• [About this task]:
Could you return, exactly as written, every line from the one containing "Date : 11 février 1917" through the last line of the entries below, leaving out the pictures?

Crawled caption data
____

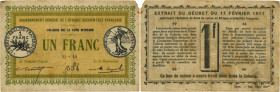 Country : IVORY COAST 
Face Value : 1 Franc 
Date : 11 février 1917 
Period/Province/Bank : Gouvernement Général de l'A.O.F. 
Catalogue reference ...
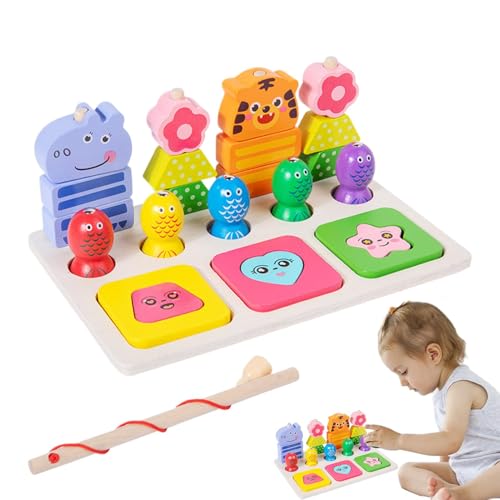 Wooden Magnetic Fishing Game, Shape Matching Table Puzzle Games, Funny Interactive Preschool Toy Ideal for Girls, Boys, Kids, Children, Product Material: Wood von Generisch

____

• [Solution to this problem]:
Date : 11 février 1917 
Period/Province/Bank : Gouvernement Général de l'A.O.F. 
Catalogue reference ...
 Wooden Magnetic Fishing Game, Shape Matching Table Puzzle Games, Funny Interactive Preschool Toy Ideal for Girls, Boys, Kids, Children, Product Material: Wood von Generisch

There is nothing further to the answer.